Deep learning (DL) has appeared as a promising tool to re-design the physical layer by adding intelligence to the wireless networks requiring new features for future communications, such as large-scale topology, accurate processing, and high-speed requirements. These complex features present an opportunity for the success of DL-based frameworks because of the lack of mathematical models, the conventional methods fall short in practice. DL empirically fits the neural network model to the raw data and recent results have been extremely promising.

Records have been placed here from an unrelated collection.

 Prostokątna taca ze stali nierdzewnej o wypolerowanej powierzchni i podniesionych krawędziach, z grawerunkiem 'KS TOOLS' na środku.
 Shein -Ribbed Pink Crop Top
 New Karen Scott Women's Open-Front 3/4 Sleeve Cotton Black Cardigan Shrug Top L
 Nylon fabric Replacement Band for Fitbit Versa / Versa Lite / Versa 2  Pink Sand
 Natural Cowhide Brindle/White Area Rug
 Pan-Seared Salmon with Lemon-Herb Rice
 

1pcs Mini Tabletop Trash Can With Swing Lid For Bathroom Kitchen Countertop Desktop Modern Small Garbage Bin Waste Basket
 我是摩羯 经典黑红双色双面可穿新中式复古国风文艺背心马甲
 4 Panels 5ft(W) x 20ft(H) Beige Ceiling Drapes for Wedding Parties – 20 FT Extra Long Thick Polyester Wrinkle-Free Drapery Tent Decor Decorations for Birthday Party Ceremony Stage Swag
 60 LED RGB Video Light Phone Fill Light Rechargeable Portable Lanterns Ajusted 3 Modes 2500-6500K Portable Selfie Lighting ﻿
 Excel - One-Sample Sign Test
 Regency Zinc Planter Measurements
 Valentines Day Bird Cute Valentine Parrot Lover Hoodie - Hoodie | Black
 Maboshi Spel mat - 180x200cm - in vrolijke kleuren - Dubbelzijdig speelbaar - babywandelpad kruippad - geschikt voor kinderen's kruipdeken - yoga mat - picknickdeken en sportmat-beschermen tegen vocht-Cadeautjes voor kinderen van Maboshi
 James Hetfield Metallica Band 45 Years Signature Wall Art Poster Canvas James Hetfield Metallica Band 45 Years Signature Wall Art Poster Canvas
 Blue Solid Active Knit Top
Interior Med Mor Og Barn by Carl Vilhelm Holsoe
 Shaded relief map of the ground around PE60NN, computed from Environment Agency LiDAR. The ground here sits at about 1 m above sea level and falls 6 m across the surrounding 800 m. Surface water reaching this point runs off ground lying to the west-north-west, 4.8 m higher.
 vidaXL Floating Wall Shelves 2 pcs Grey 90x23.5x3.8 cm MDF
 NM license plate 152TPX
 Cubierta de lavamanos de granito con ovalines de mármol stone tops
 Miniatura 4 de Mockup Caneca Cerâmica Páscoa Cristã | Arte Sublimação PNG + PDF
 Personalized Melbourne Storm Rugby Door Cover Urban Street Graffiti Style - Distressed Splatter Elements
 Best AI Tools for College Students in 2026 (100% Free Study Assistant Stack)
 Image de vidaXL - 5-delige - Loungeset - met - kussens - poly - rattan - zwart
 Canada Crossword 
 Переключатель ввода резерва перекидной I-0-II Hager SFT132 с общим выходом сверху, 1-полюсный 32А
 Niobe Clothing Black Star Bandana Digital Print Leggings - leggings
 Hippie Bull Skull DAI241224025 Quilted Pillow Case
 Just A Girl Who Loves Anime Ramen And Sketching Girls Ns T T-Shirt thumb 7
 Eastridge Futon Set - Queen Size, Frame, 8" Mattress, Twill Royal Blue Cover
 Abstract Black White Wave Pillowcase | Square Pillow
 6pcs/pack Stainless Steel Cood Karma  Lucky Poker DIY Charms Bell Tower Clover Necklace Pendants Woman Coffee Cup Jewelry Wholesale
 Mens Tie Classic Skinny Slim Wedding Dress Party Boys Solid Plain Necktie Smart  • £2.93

In this talk, we present the key issues of the wireless communication system design. Then, we show the potential of DL frameworks that aims to design all-in-one solutions. Later, we present challenges in designing DL-based physical layer communication, such as latency and space constraints, black-box nature, re-training issues, and data collection challenges. We also present recent applications of DL-based intelligent wireless networks, such as redesigning the conventional signal processing blocks for modulation, channel coding, and detection by replacing the communication system with an autoencoder for both the wireless and optical networks and performing mm-wave path-loss prediction for complex urban environments. We also focus on showing how to open the black-box of the DL-based designed wireless networks. Lastly, we present exciting new learning solutions for designing physical layer communications, such as deep reinforcement learning and model-based learning.

Mathini SellathuraiBio

Mathini Sellathurai is currently a professor of signal processing and wireless communications and Dean of Science and Engineering with Heriot-Watt University, Edinburgh, U.K. She has been active in signal processing research for the past 20 years and has a strong international track record in wireless communications. She held visiting positions with Bell-Laboratories, Holmdel, NJ, USA, and at the Canadian Communications Research Centre, Ottawa, Canada. She has published over 200 peer reviewed papers in leading international journals and conferences, given invited talks and has written several book chapters as well as two research monographs. Her present research includes machine learning and statistical signal processing techniques applied to wireless communications, radar, and medical applications. She is a recipient of an IEEE Communication Society Fred W. Ellersick Best Paper Award (2005), the Industry Canada Public Service Awards for contributions to Science and Technology (2005), and Awards for contributions to Technology Transfers to Industry (2004). She was the recipient of the Natural Sciences and Engineering Research Council of Canada (NSERC) Doctoral Award for her Ph.D. dissertation in 2002. She was an Editor for IEEE TRANSACTIONS ON SIGNAL PROCESSING from 2009 to 2014, and from 2015 to 2018, the General Chair of IEEE Signal Processing Advances in Wireless Communications (2016) in Edinburgh, and a member for IEEE SPCOM Technical Strategy Committee from 2014 to 2019. Presently she is a member of Strategic Advisory Board of Engineering and Physical Sciences Research Council, UK, for Information and Communications Technologies.